Generell fand ich die Organisation sowie die Dauer des Einstellungsverfahrens sehr positiv und ich wünschte andere Unternehmen würden das genauso umsetzen. Es wurde transparent verfahren und als Bewerber wusste man immer genau, mit was man zu welchem Zeitpunkt zu rechnen hat.
Nachdem ich mich online beworben hatte, hat sich direkt am nächsten Tag ein Mitarbeiter per Mail bei mir gemeldet, um ein Telefoninterview zu vereinbaren.

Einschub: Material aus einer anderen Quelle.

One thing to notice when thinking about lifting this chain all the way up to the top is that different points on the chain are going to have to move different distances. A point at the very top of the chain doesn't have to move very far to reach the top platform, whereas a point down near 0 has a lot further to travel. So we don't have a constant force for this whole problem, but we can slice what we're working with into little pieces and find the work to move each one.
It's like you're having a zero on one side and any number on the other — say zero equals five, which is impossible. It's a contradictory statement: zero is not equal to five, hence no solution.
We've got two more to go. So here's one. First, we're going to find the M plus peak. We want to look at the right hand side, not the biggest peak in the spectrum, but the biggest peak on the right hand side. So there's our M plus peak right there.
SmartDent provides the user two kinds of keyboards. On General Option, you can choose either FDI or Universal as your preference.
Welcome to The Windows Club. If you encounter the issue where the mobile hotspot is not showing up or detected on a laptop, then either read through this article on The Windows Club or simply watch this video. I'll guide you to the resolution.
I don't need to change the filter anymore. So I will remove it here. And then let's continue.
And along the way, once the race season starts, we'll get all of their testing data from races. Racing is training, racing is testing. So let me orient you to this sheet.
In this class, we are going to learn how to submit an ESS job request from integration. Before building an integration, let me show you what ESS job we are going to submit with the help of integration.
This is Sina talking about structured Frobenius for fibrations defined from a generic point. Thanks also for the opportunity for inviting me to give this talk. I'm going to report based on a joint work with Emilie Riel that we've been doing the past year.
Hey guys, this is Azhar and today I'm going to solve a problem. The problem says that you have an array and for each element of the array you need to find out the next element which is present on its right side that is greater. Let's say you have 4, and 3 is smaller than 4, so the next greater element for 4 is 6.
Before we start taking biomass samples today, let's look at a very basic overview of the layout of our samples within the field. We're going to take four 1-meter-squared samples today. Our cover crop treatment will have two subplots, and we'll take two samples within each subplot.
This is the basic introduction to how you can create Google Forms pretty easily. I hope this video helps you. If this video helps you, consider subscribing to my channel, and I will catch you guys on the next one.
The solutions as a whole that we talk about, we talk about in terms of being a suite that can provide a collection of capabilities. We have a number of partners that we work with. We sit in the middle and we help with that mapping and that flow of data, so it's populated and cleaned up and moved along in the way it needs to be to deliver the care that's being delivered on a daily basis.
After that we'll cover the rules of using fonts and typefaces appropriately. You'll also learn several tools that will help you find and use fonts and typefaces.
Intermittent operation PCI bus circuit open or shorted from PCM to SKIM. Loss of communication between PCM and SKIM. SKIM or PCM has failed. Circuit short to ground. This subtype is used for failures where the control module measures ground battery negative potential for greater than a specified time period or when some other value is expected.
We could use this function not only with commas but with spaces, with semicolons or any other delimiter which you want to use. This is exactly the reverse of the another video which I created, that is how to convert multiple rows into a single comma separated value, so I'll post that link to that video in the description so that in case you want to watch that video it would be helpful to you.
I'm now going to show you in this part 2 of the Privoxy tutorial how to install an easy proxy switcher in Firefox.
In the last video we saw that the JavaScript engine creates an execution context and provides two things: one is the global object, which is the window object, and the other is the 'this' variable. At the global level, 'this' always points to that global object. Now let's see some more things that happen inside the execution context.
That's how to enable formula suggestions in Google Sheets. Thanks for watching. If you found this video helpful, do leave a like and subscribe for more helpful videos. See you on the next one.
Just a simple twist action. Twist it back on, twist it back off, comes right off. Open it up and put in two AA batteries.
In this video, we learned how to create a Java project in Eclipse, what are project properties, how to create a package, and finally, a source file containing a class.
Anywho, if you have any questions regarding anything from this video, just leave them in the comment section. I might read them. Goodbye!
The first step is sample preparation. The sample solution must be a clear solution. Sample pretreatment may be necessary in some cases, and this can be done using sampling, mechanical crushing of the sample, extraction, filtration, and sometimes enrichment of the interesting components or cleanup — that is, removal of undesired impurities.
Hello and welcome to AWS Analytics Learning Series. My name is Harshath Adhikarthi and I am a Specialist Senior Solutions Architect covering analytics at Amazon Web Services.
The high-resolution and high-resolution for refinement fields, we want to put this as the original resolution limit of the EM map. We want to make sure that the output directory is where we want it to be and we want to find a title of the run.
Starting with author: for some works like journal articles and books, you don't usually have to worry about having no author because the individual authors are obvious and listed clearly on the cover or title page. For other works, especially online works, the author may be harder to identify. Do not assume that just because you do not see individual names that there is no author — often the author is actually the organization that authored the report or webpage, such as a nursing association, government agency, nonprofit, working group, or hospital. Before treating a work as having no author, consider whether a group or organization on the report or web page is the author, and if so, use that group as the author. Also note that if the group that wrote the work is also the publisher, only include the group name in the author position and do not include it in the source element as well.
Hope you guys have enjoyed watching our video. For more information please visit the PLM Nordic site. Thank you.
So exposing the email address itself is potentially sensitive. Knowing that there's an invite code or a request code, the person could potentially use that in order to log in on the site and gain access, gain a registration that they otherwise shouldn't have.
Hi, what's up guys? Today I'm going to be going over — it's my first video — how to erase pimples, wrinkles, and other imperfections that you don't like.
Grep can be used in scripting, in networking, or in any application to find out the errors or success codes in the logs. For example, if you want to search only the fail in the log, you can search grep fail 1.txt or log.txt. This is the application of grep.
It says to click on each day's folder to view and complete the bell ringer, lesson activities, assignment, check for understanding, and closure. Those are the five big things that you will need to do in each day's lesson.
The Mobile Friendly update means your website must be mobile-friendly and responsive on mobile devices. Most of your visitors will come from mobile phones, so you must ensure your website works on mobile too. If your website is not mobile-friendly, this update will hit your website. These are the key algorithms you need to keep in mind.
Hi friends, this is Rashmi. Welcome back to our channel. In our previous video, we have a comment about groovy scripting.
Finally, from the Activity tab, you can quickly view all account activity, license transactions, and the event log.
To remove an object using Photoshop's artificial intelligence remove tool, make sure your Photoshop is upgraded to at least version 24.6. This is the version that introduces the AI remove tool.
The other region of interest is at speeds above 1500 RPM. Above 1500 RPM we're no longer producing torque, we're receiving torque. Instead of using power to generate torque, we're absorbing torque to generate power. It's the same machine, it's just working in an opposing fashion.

Ca. eine Woche später fand das besagte Interview statt und mir wurde das Traineeprogramm sowie das anschließende Verfahren und die FDM vorgestellt. Es wurde bereits nachgefragt, ob ich eine geografische Flexibilität bzgl. Job mitbringe, die FDM macht das also von anfang an sehr deutlich, wie wichtig dieser Punkt ist. Ich habe meinen Lebenslauf grob vorgestellt und als für beide Seiten klar war, dass weiteres Interesse besteht wurde ich zum AC ca. 10 Tage später eingeladen.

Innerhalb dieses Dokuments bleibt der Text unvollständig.